Brief descriptive captions
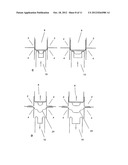 FORMING DEVICE FOR THE COLD-FORMING OF POCKETS FOR MEDICAL OR     PHARMACEUTICAL PRODUCTS IN A SHEET diagram and image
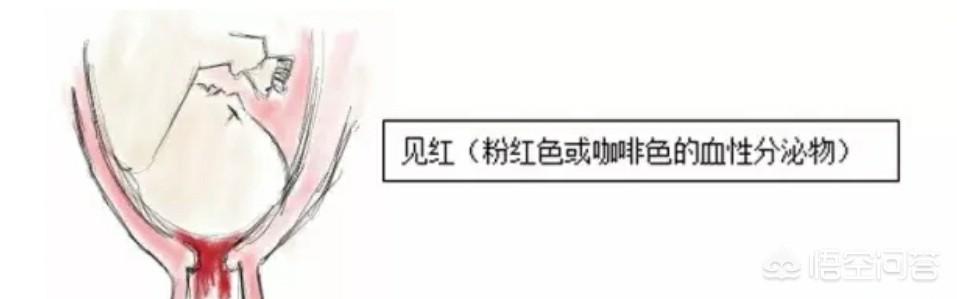 赵丽颖生孩子出血照片:生孩子时是先见红还是先破水？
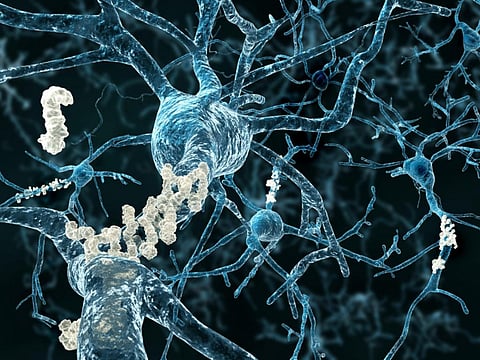 Alzheimer protein can be transmitted, says the study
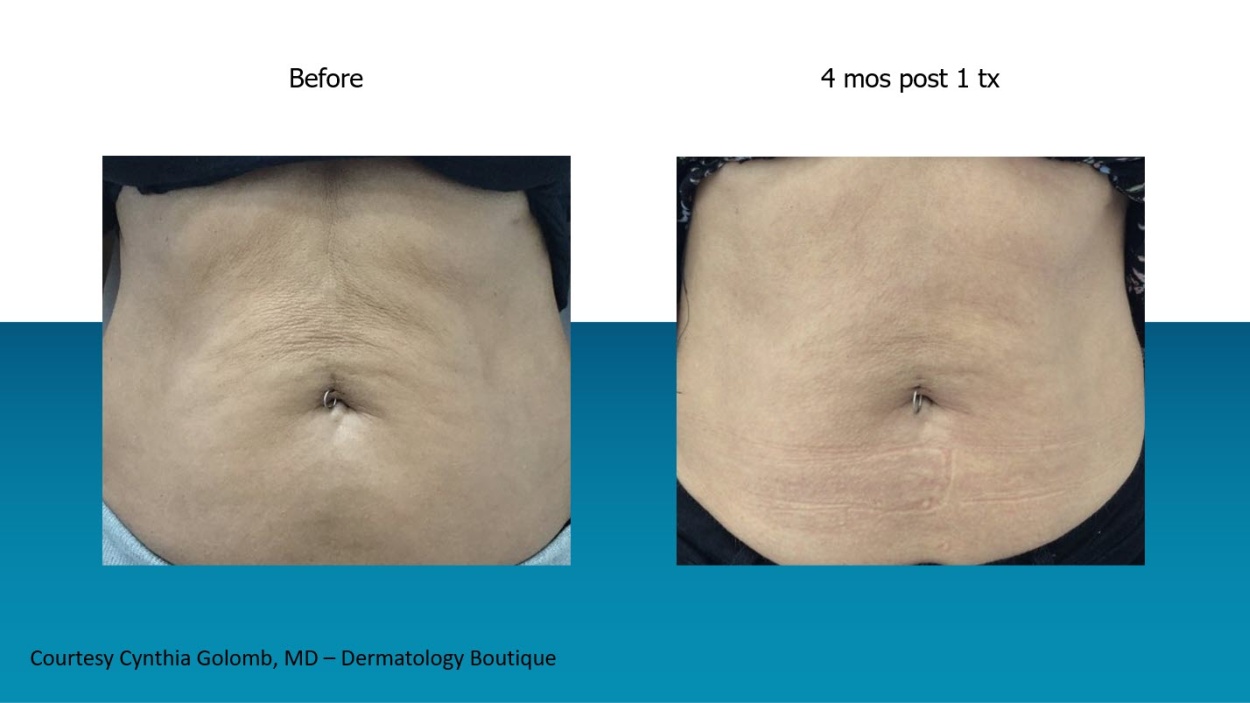Genius RF Microneedling Before & After %city% %state%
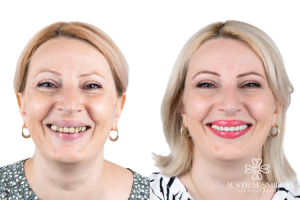 Veneers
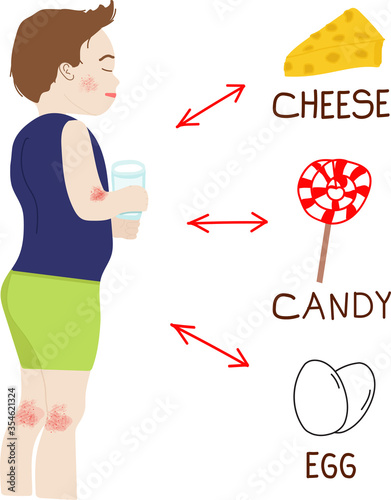 Children boy with dermatitis because of milk allergy. Allergy to cow s milk protein, egg, sweets, candies, cheese. Boy has red dots and skin irritation on his face, legs and hands. Food allergy.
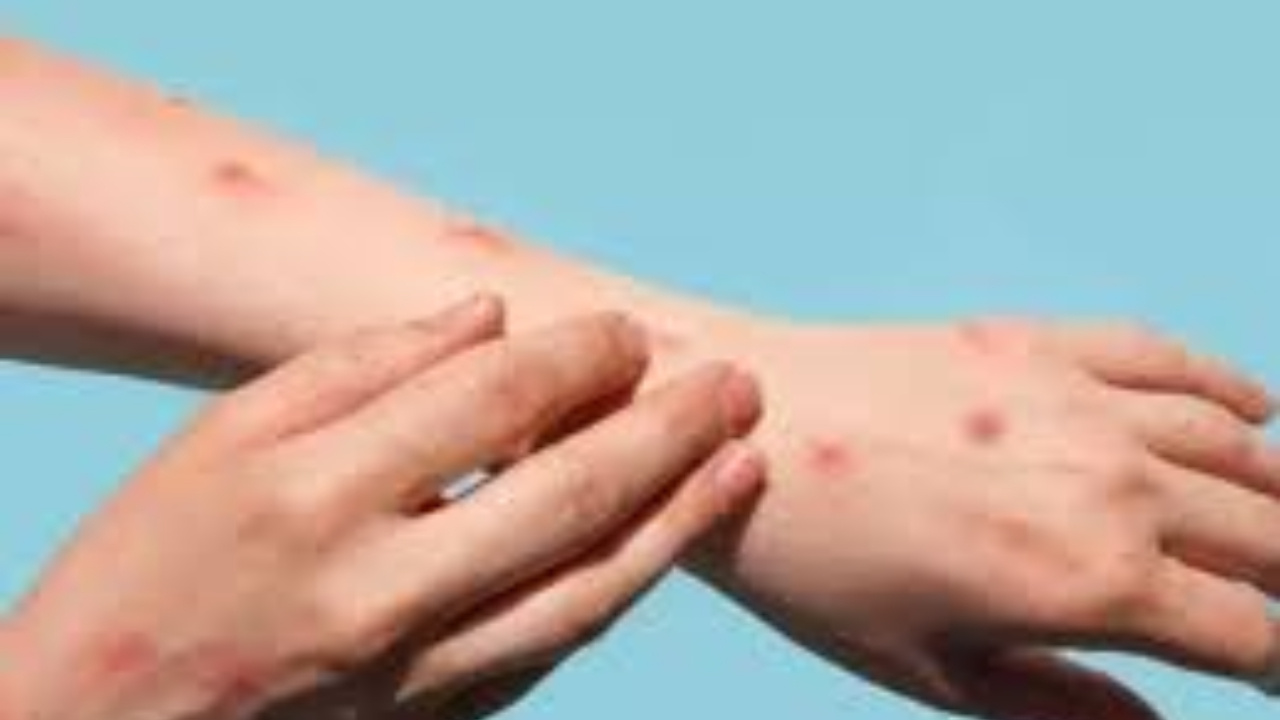 Monkeypox:  మంకీపాక్స్ వచ్చేసింది.. అప్రమత్తంగా ఉండాల్సిందే..భారత్‎లో అనుమానిత కేసు 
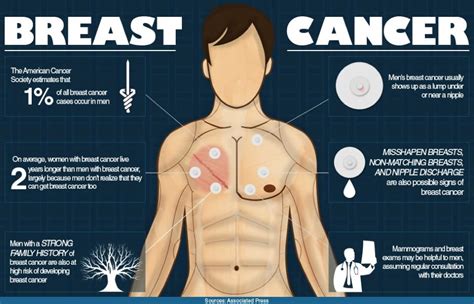 Male Breast Cancer Symptoms Causes Types And Diagnosis Cancerworld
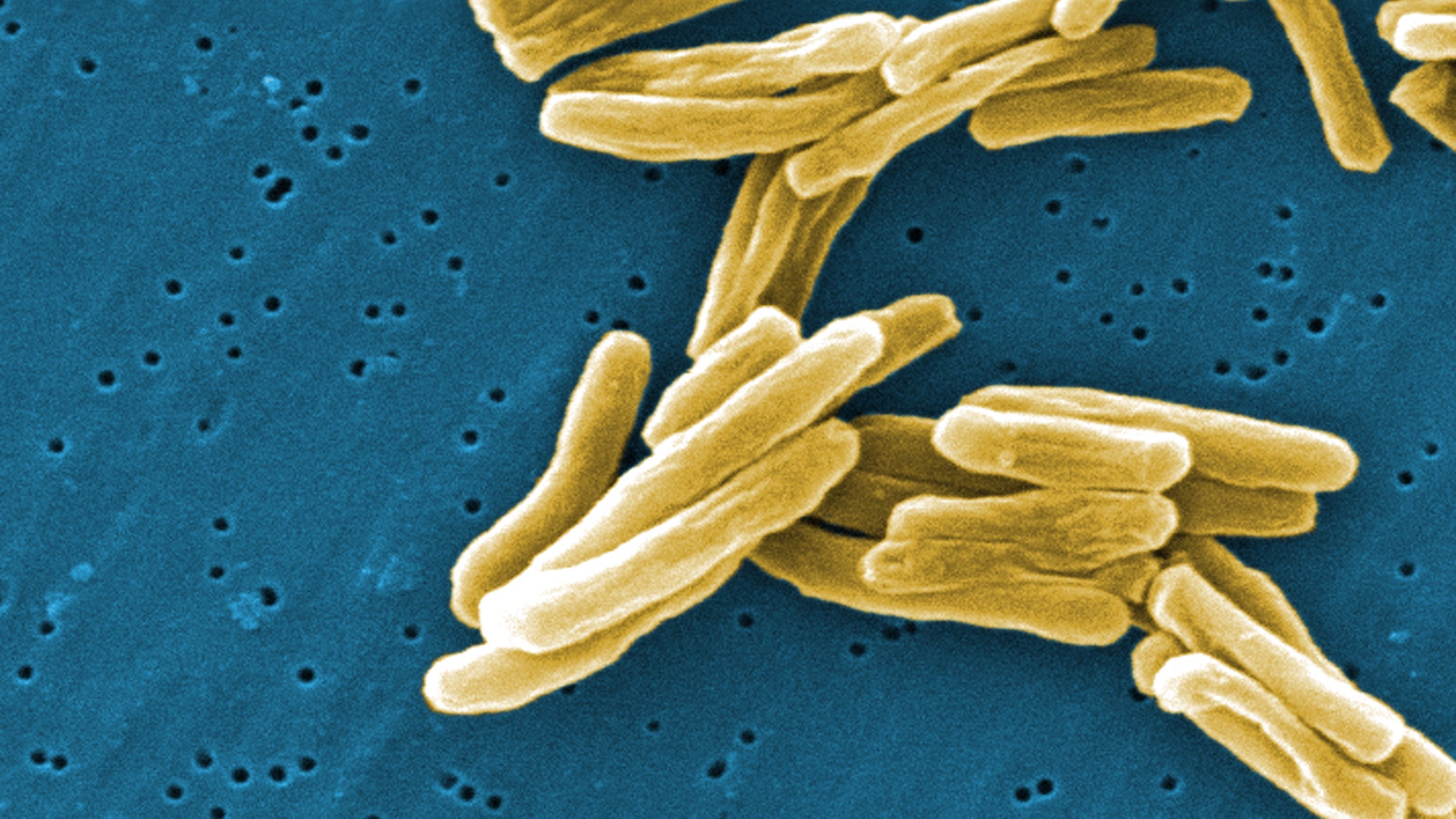This scanning electron micrograph (SEM) depicts some of the ultrastructural details seen in the cell wall configuration of a number of Gram-positive Mycobacterium tuberculosis bacteria.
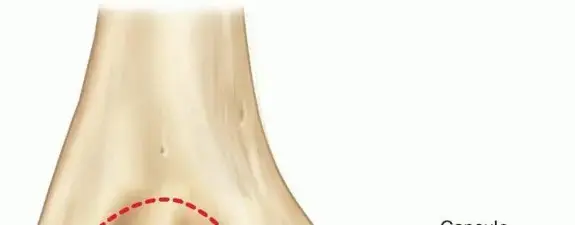 كسر اللقيمة الإنسية للمرفق: دليل شامل للعلاج والتعافي بفضل خبراء اليمن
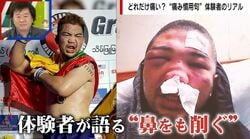 「鼻をも削ぐ思い」の実際の痛みをラウェイ元世界王者が語る「石をぶつけられている感じ」「鼻血が2カ月止まらない」…潰れてしまった鼻を見せて「全く高さがない」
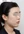 two-jaw surgery (bimaxillary orthognathic surgery) — before (90days) · A-Top Plastic Surgery Clinic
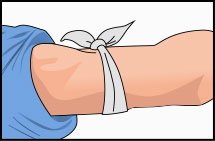 Parte alta del brazo con un trozo de tela atado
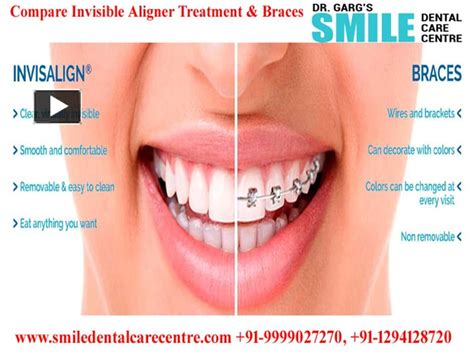 Ppt Painless Root Canal Treatment Bytop Dentist In Faridabad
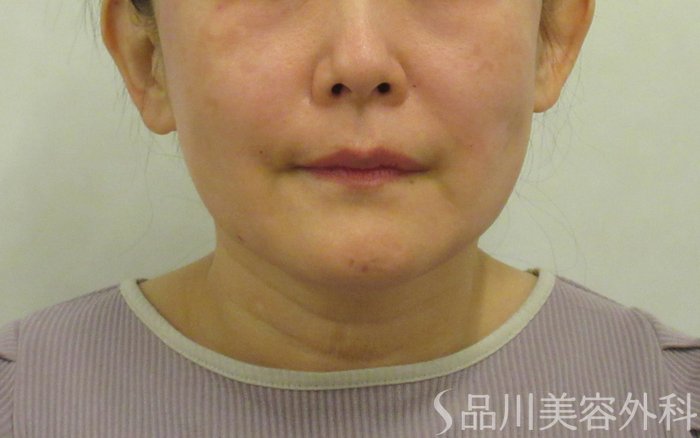 症例NO.72342のAFTER写真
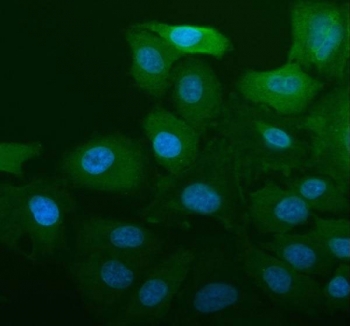 Immunofluorescent staining of FFPE human A549 cells with ALDH1A1 antibody (blue) and DAPI nuclear stain (blue). HIER: steam section in pH6 citrate buffer for 20 min.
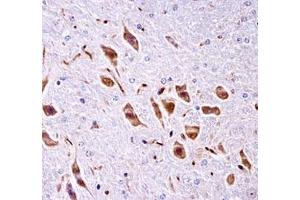 PAK3 antibody immunohistochemistry analysis in formalin fixed and paraffin embedded mouse brain tissue.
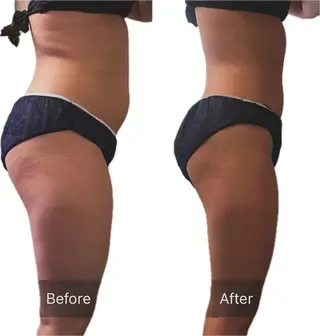 本気で痩せたい方へ 痩身専門サロンのその他イメージ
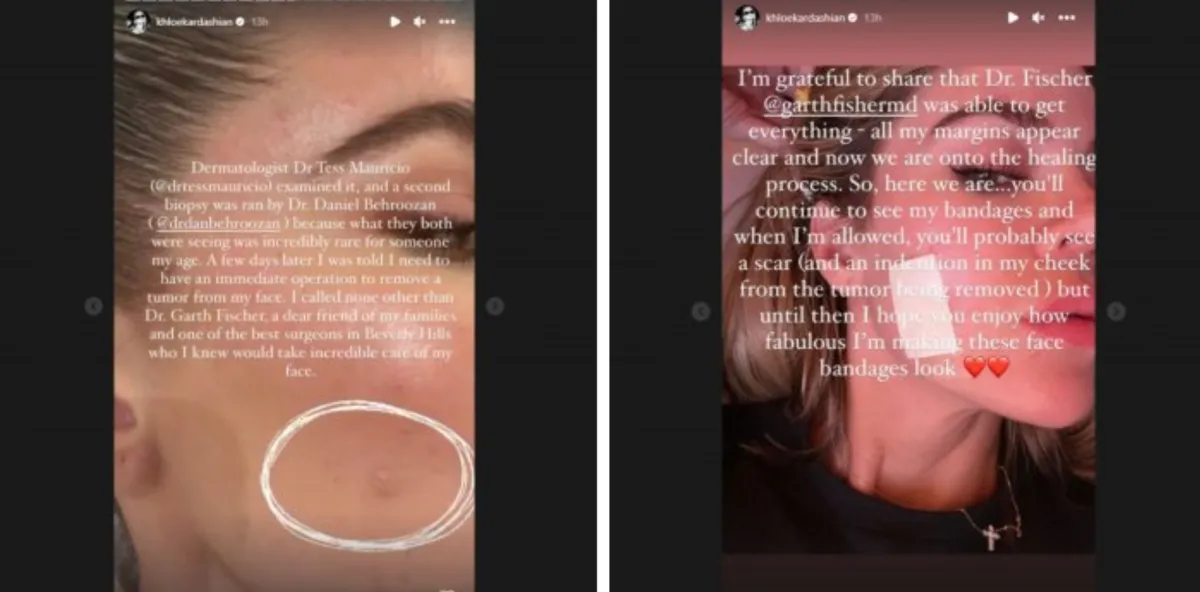 ستوري كلوي كارداشيان في إنستغرام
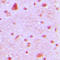 Aryl Hydrocarbon Receptor Nuclear Translocator 2 antibody, LS-C354133, Lifespan Biosciences, Immunohistochemistry paraffin image 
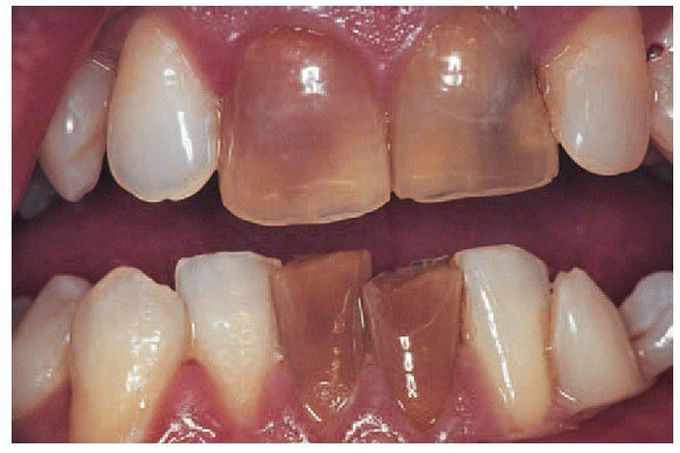 Non vital incisor teeth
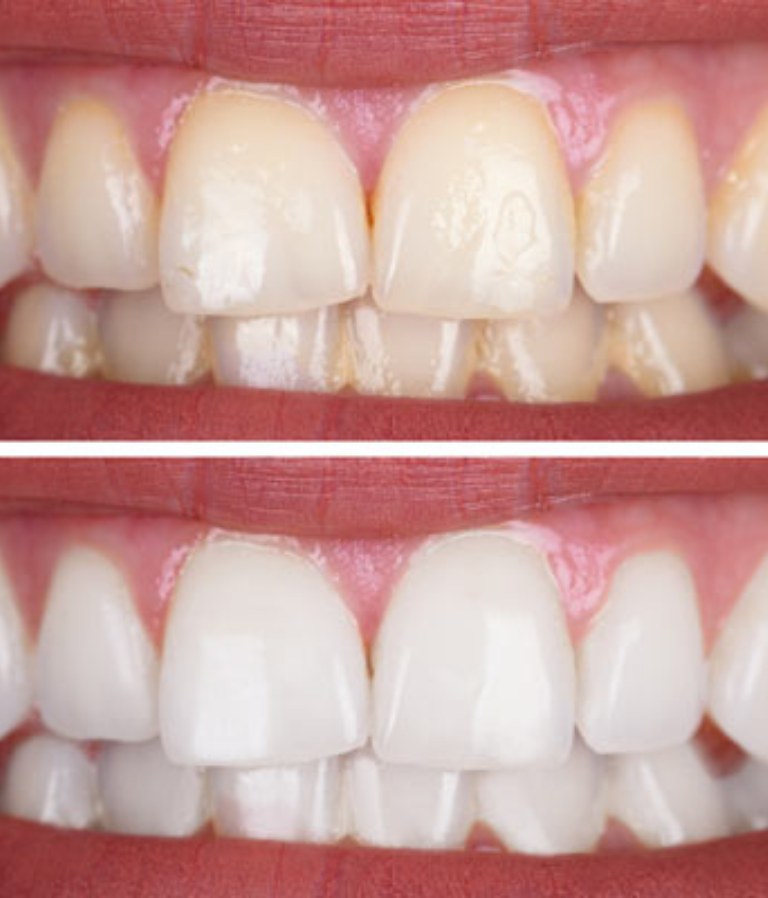 Professional Teeth Whitening Balwyn North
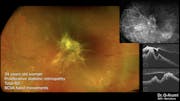 Proliferative Diabetic Retinopathy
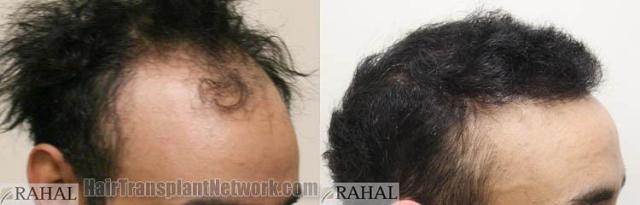 Hair restoration procedure before and after results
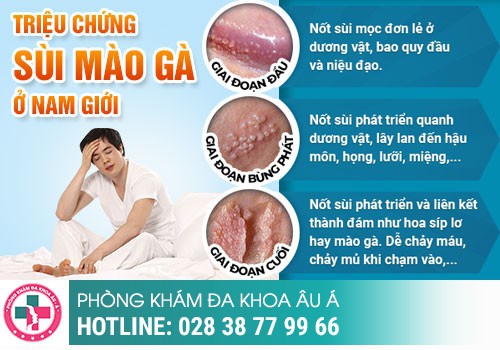 khám sùi mào gà ở đâu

- _Problem description_
Within the entries above, give again exactly the lines starting at the one that contains "赵丽颖生孩子出血照片:生孩子时是先见红还是先破水？" and ending at the one that contains "كسر اللقيمة الإنسية", leaving out the pictures.

- _Result of the exercise_
 赵丽颖生孩子出血照片:生孩子时是先见红还是先破水？
 Alzheimer protein can be transmitted, says the study
Genius RF Microneedling Before & After %city% %state%
 Veneers
 Children boy with dermatitis because of milk allergy. Allergy to cow s milk protein, egg, sweets, candies, cheese. Boy has red dots and skin irritation on his face, legs and hands. Food allergy.
 Monkeypox:  మంకీపాక్స్ వచ్చేసింది.. అప్రమత్తంగా ఉండాల్సిందే..భారత్‎లో అనుమానిత కేసు 
 Male Breast Cancer Symptoms Causes Types And Diagnosis Cancerworld
This scanning electron micrograph (SEM) depicts some of the ultrastructural details seen in the cell wall configuration of a number of Gram-positive Mycobacterium tuberculosis bacteria.
 كسر اللقيمة الإنسية للمرفق: دليل شامل للعلاج والتعافي بفضل خبراء اليمن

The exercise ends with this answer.